To begin with, a vignette of modern family life:
The kids are old enough to stay with relatives for a few days, so Mum and Dad head off somewhere nice for a well-earned break. Parental relief is tinged with a bit of guilt, but when they return they find that their children haven’t missed them at all. In fact, the little horrors have had a brilliant time – playing all day, roaming around unsupervised and staying up way past their bedtime!
“Don’t get used to it,” says Dad. “You’re back home now and don’t you forget it,” says Mum.
Something analogous could await our cities if Labour returns to power. For the last five years, the likes of Manchester and Liverpool have enjoyed more control over their affairs than at any point in living memory. As I’ve argued before on the Deep End, the decentralisation of political power is one of the Coalition’s most important, but least recognised, achievements.
Fortunately, there are those on the Labour side who recognise the significance of what’s been going on. One of them is Michael Taylor, the party’s candidate in Hazel Grove. Writing for the Guardian, he wonders why more people haven’t noticed:
“I missed the party. How was it?
“You know, the one that celebrated the announcement that Greater Manchester’s devolution settlement was edging ever further to bringing local control closer to our needs? The one that toasted how Devo Manc isn’t a sleight of hand, but seems to be bringing real power, real budgets, real control and real autonomy to a city region government, controlled in time by a directly elected Mayor. That party?”

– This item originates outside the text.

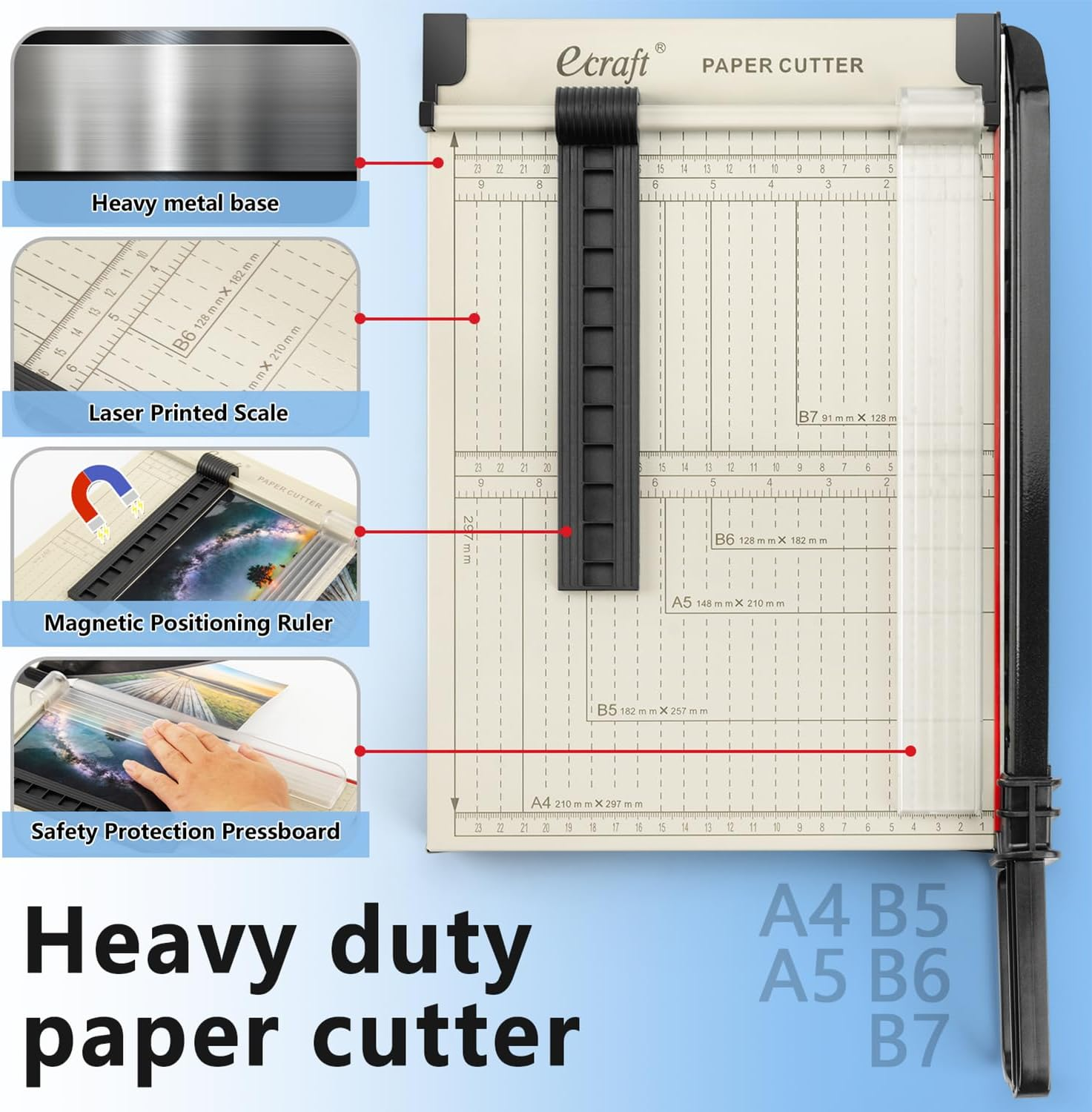 Ecraft 12" Guillotine Paper Cutter：Paper Trimmer Accurate Cutting with Safety Guard,15 Sheets Capacity,Magnetic Guide,Heavy Duty Metal Base, Perfect for Cardstock,Cardboard,Vinyl,Crafts & Photos image number 5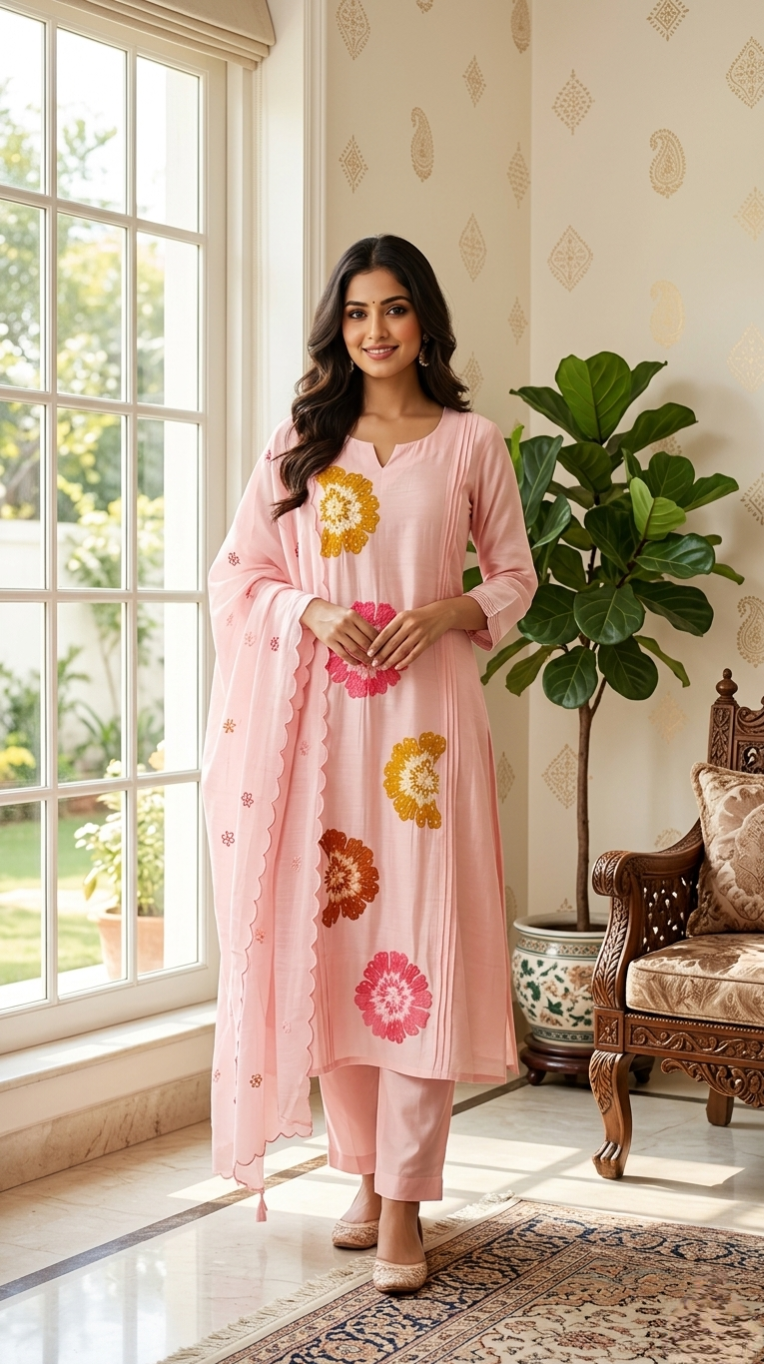 Women Pink Embroidered Cotton Silk Kurta Pant Dupatta Set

Though some may regard the empowerment of city government as a Tory trick, Taylor reminds his readers that this is a movement with broad-based support:
“…the report that really raised the bar for an audacious devolution settlement was Andrew Adonis’s Growth Review. That was in time trumped by Respublica’s DevoManc project, which the Greater Manchester Combined Authority commissioned, and had a contented seal of approval from the most powerful figures in the city region, the Labour leader of Manchester City Council, Sir Richard Leese, and his head of civil service, Sir Howard Bernstein.”
It would have been nice to credit the Government’s City Deals programme too – which has turned at least some of the talk into action – but, of course, Mr Taylor is a Labour candidate and there is an election on.
Nevertheless, he makes a welcome appeal to his own side to support the general thrust of decentralisation:
“It should be an issue bubbling under this election, something that will inject energy and excitement into public life, in the way the Scots embraced politics last summer. The opportunity not just to elect a new government, but a new way of doing politics closer to where decisions are made.”
Taylor blames any lack of enthusiasm on “cynicism and scepticism.” But might complacency also be a danger? Far from being respected by a new government in London, local Labour leaders in Manchester and other cities may find themselves back on a short leash.
In theory, Ed Miliband’s Labour Party leans further towards localism than the control-freakery of the Blair and Brown era. But whoever forms the next government, we shouldn’t forget that the ‘Whitehall Party’ will remain in place. The centralising instincts of the civil service will prevail unless the right ministers in the right positions fight the good fight.
Though a joint effort, the last five years of progress would not have been made without these ministerial champions. A change of government would mean that they’d be moving on – and unless they’re replaced with new champions, our city leaders could find themselves treated like children again.